Le stesse considerazioni valgono anche per altri tipi di app, come ad esempio quelle utilizzate per il fitness, che durante il lockdown hanno visto un incremento di installazioni e, ancora, per le app mediche (es. quelle per il controllo del peso, la gestione dell’ansia o della depressione, l’andamento della gravidanza ecc.). Si tratta in questo caso di app che raccolgono dati sensibili dell’utente, rilevando il suo stato di salute, il battito cardiaco e la pressione arteriosa e, in quanto tali, espongono a seri rischi: i dati potrebbero infatti essere trasmessi a terzi per finalità di marketing (ad esempio per orientare le aziende farmaceutiche consentendo loro di massimizzare i profitti) o per finalità illecite, posto che tra l’altro negli ultimi anni si è registrato un aumento del cyber crime in ambito sanitario, a dimostrazione del fatto che i dati relativi alla salute delle persone suscitano interesse nella criminalità e questo dovrebbe quindi far riflettere sull’importanza di accostarsi alle app sanitarie o per il fitness con la massima prudenza e consapevolezza, diffidando subito delle app che richiedono dati non strettamente necessari o che hanno un’informativa poco chiara.
Ai rischi dovuti al trattamento illecito dei dati da parte dei fornitori delle app devono poi aggiungersi i rischi legati agli attacchi da parte degli hacker, i cui canali preferiti sarebbero proprio le app e il cloud.

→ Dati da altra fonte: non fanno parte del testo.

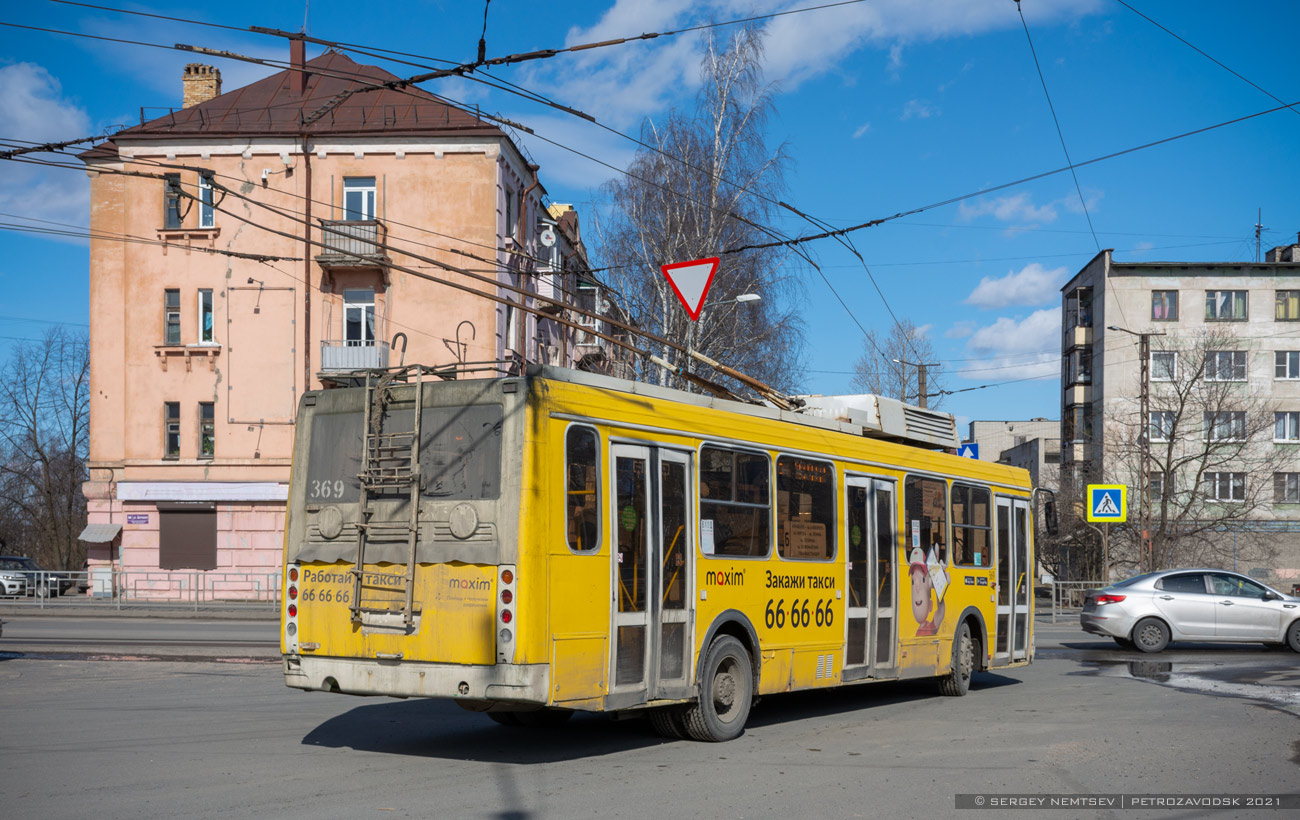 Pietrozawodsk, LiAZ-5280 Nr 369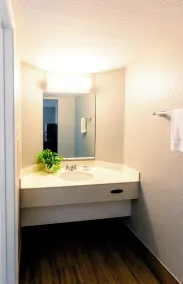 Home Suites Culebra - Badezimmer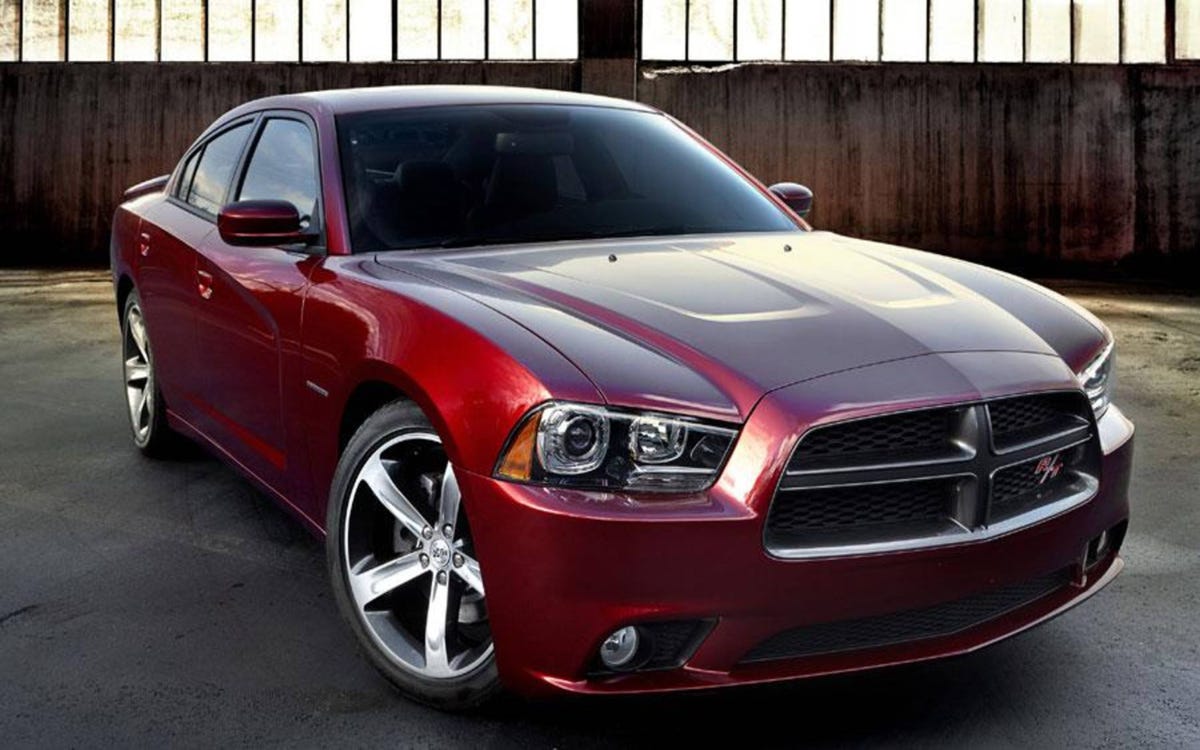 2014 Dodge Charger & Challenger 100th anniversary edition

A questo tipo di attacchi non sono risultate immuni neppure le app delle banche, che nella maggior parte dei casi sono risultate vulnerabili, con conseguente esposizione degli utenti a rischi di furti on line delle credenziali di accesso. In particolare, la gestione del proprio conto bancario tramite smartphone o tablet è messa in serio pericolo da alcuni trojan (“cavalli di Troja”) che si autoinstallano sul dispositivo all’insaputa dell’utente attraverso l’installazione di altre app apparentemente innocue, come ad esempio quelle per calcolare i passi, per contare le calorie o addirittura app come Adobe Flash distribuite da canali non ufficiali. Una volta installato, il trojan è in grado di acquisire tutti i dati dell’utente, compresi i codici di accesso per l’home banking. Come è stato osservato anche dal Garante privacy in diverse occasioni, l’unico modo per proteggersi è evitare di scaricare programmi da siti non sicuri, fare attenzione alle app che si installano sui propri dispositivi e dotare gli stessi di anti-virus in grado di proteggere i dati personali da eventuali violazioni.